Dad pauses. "Sometimes, when she's in the room, talking or reading, I notice you'll just… stare at her. Not in a, you know, bedroom eyes kind of way—although you do that too—but more like your just in awe of her. Like she's an angel."

He picks up and eats a bite of pancake, chewing silently.

I wait.

"…Is that all you have to say?"

He sighs. "Do you want me to say something else? Ask why? Why Blake? Ask why I found out from Ruby's tutor?"

He saws hard on his pancake pile, shaking the table. "I know those answers. I get it, better than I know you think I will. I have questions, I have concerns, but I know this isn't the right time for them."

"What concerns?" I ask. My stomach gives a faint whine as I continue to ignore my breakfast, but I honestly don't care.

Dad's fork cracks into his plate. "Goddammit."

"What concerns, Dad?"

Dad puts the fork down. "It's nothing kiddo."
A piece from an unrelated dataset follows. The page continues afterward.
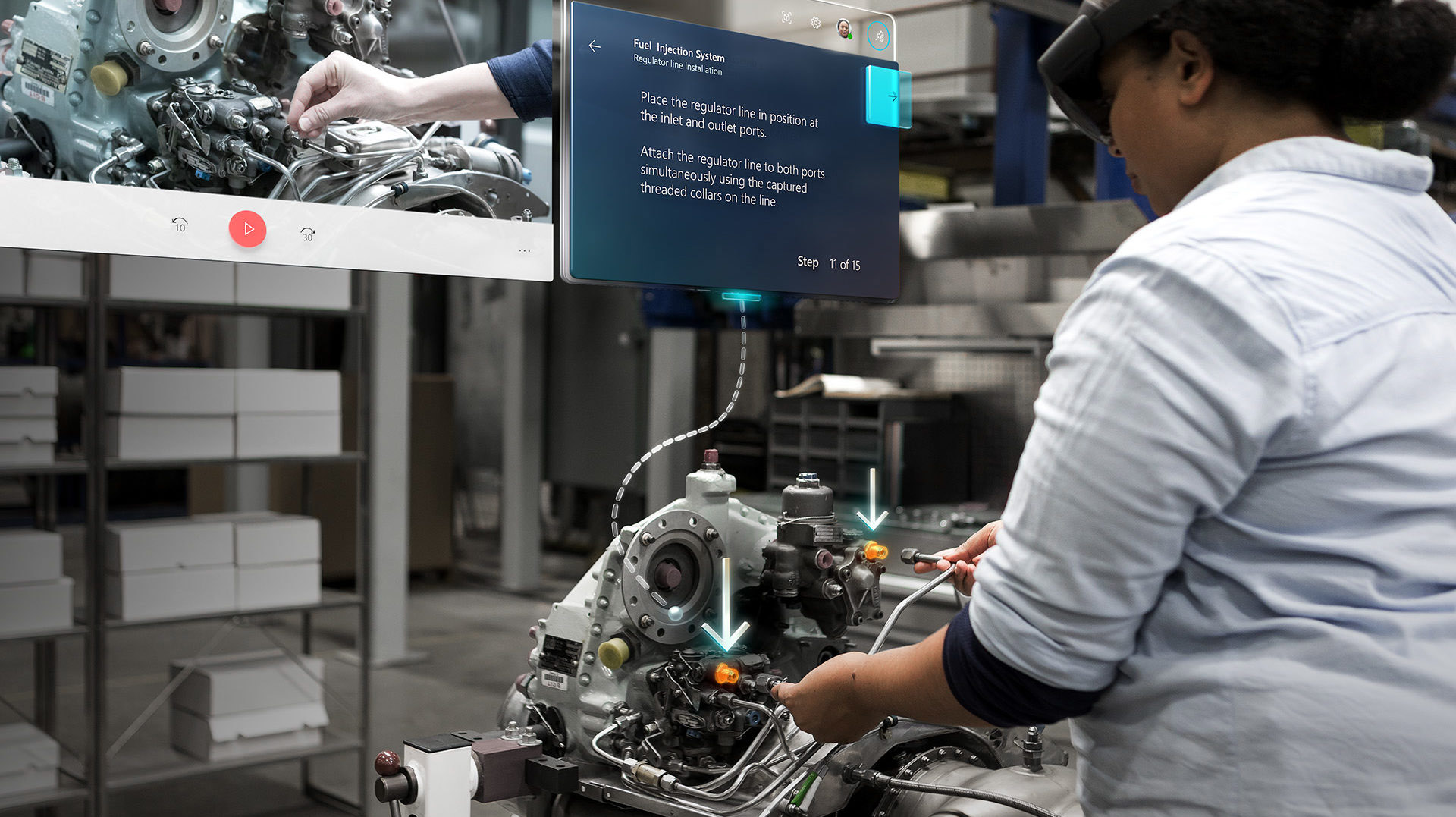 Hololens 2 Dynamics 365 Guides Holographic Training Fuel Injection 60196ca6592f4 644a8d09ed709 650354877d517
I stand, chair squealing backwards, slamming my hands into the table and making the cutlery jump. "You know what? No. I'm out now. Through the worst way possible, yeah, but it's done. I'm not hiding anything anymore, and neither are you."

Dad pauses for a moment, glaring at his food before he looks to me.

I forget that my parents were in the army sometimes. I always know it, of course, and I've used it as a threat a few times, but when I'm at home, listening to Dad discuss cases and Mom sketching decks, it doesn't register.

But then there's times like now, where I can see a flood of emotions rolling past his eyes, yet his face remains stone-still, that I'm reminded.

"I'm not ashamed of you, Yang," he says, quietly. "I'm not disappointed, or unhappy, or even all that scared."

"But I just found out that my daughter has a part of her life that's been hidden from me, for years, and I… I can't help but wonder why. What did I say or do that made you feel like you couldn't trust me with this?"

The air is clogged by the ensuing silence; neither of us having any real clue how to continue.

"…I was eleven when I realised I was… different," I say, sitting down. "Everyone else in my class was looking at these movie stars and talking about how handsome they were, and I… I mean, I could see what they were looking at, but I didn't care. I thought… I thought I was a late bloomer, or something. So I kept waiting for the magic moment, when I'd see a guy and realise I liked him."

I pause. Dad blinks, but stays silent.

"Except I never did," I spit, nailing grinding against the table. "I stared at posters, watched movies with naked men, and it never worked. I thought something was wrong with me—that I was broken."

"Why didn't you say something?" Dad asks, reaching for my hand. "Honey—"

I pull away. "What was I supposed to say? I don't get turned on when I stare at dicks? How do you think that conversation would have went?"

I close my eyes. "How was I supposed to tell you that, sometimes, when we were changing for gym class, I couldn't look away from the other girls? That I kept wondering what it would feel like to hold a girls hand? To… "

A lump forms in my throat.

"I was home, alone, surfing channels, when I stumbled onto this preacher guy, ranting about hell and damnation and all the sins that could lead you there. I thought it was ridiculous, but then he… he started talking about the "gay menace," and how they would destroy the very idea of marriage and all that bullshit."

"Yang…"

I fix him with a hard glare. "That was the first time I'd ever heard the word "gay." The first time I actually had a name to put to what I was. The first time I realised that I wasn't… w-wasn't some kind of new breed, just… different."

A hardness creeps into my voice. "And I found that out from an asshole in Texas. No one in town ever talked about it. Mom didn't talk about it. You didn't talk about it. I had no idea what you would have thought about—about people like me."

"We weren't going to throw you out—"

"I know," I growl. "I know you wouldn't, and that's what I kept telling myself, but I never had any proof. How… how was I supposed to tell you?"

He's quiet for a long, long time.

He sighs. "I don't know."

"Of course not." I stand and slam my chair into the table, shaking the plates. "I'm going to school."

"Yang—"

"Bye." I leave through the back door, not bothering with my backpack or fresh clothes.

I let the echoes of the door slam chase me down the street.